Input generation process: Feature vectors are retrieved by hashing grid vertex coordinates around a location, linearly interpolated, and combined with view direction to form the network input.

Additionally, the viewing direction of the camera is provided as a supplementary input. Thus, the final input to the network consists of the spatial position and viewing direction, while the output includes the volume density and radiance (color) of each pixel.


3. 3D Reconstruction

3.1 Data Acquisition

In this study, data were collected using a monocular camera after placing the same anchor, shown in Figure 5, in both underwater and terrestrial environments. The anchor measures 51 cm in width and 68 cm in height. Underwater data were acquired using a remotely operated underwater vehicle (ROV) in coastal waters near Korea Maritime & Ocean University. Figure 6 (Top) shows the area where the underwater data were collected, and Figure 6 (Bottom) presents a photograph of the actual sea site. Terrestrial data were collected indoors under controlled conditions.

Figure 5:

Anchor used as the target object for 3D reconstruction in both underwater and terrestrial environments.

Figure 6:

Underwater anchor data acquisition at Korea Maritime and Ocean University: (Top) Data acquisition area; (Bottom) Photograph of the actual marine environment.

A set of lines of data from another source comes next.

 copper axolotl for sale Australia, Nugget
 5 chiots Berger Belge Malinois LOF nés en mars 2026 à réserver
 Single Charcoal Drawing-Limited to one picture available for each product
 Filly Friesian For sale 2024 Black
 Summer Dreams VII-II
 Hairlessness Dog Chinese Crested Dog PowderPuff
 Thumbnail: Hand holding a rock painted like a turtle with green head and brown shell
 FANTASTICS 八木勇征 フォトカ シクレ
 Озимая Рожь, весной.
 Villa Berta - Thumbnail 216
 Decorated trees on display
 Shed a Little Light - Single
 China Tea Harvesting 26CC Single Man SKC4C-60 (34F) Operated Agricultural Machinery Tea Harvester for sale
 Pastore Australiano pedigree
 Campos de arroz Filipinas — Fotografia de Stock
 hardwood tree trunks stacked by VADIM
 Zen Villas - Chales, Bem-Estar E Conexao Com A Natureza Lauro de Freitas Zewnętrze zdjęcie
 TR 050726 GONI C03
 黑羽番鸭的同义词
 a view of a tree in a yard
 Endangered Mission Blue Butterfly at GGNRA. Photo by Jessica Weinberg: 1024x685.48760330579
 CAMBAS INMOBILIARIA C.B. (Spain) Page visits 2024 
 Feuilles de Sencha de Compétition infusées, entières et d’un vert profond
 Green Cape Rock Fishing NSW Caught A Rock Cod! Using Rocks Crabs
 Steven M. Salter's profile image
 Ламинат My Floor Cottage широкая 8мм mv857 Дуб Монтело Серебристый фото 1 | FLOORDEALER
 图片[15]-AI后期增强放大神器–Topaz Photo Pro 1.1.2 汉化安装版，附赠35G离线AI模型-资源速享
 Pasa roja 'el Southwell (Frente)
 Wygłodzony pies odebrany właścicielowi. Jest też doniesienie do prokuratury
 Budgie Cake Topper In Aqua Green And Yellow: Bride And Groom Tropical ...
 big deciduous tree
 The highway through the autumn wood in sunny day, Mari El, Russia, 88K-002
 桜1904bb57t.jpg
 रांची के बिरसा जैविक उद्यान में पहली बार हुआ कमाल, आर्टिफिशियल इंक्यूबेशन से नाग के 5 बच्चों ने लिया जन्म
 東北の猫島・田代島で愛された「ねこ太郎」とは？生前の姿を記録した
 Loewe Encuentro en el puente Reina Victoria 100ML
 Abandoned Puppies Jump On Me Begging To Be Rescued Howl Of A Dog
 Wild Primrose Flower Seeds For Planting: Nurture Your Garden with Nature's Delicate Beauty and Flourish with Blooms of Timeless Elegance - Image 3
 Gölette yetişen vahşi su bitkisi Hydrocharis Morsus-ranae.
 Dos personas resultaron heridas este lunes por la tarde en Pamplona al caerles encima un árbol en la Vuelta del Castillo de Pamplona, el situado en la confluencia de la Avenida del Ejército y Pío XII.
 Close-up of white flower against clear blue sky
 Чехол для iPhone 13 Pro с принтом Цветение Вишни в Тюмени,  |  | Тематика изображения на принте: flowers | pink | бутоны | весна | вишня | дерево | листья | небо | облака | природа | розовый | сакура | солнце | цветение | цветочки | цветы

The remotely operated underwater vehicle (ROV) used for data acquisition was BlueROV2 from Blue Robotics, as shown in Figure 7, and its specifications are listed in Table 1. The ROV was equipped with six T200 thrusters, also from Blue Robotics. Additional onboard sensors included a monocular camera, a barometer, a 3-degree-of-freedom gyroscope, and pressure, depth, and temperature sensors. However, this study utilized only the monocular camera data for the 3D reconstruction process.

Figure 7:

Remotely operated underwater robot used for data acquisition

Specifications of the Blue Robotics BlueROV2

3.2 Training and Performance Evaluation

Underwater training data of the anchor were acquired using a monocular camera mounted on the remotely operated underwater vehicle. Video footage was recorded at a depth of approximately 1.2 meters, from which 190 frames were extracted and used as training images. Using the underwater dataset, Instant-NGP was trained. The top image in Figure 8 shows the original input at a specific time step, while the bottom image shows the reconstruction result at the same viewpoint.

Figure 8:

Comparison between original underwater images and NeRF reconstruction results for four scenes using Instant-NGP

To quantitatively evaluate the underwater reconstruction results, the same anchor was placed in an on-land environment. The terrestrial dataset was then used to train Instant-NGP, following the same procedure as the underwater case. The top image in Figure 9 shows the original input at a specific time step, while the bottom image shows the corresponding reconstruction result at the same viewpoint.

Figure 9:

Comparison between original terrestrial images and NeRF reconstruction results for four scenes using Instant-NGP

A purely visual comparison between the underwater and terrestrial NeRF reconstruction results has inherent limitations. Therefore, this study conducted a quantitative evaluation using objective performance metrics. Inspired by the original NeRF paper, three commonly used evaluation metrics were adopted to assess the similarity between images: PSNR (Peak Signal-to-Noise Ratio), SSIM (Structural Similarity Index Measure), and LPIPS (Learned Perceptual Image Patch Similarity). These metrics were used to compare the original and reconstructed images at the same viewpoints, as illustrated in Figure 8 and Figure 9.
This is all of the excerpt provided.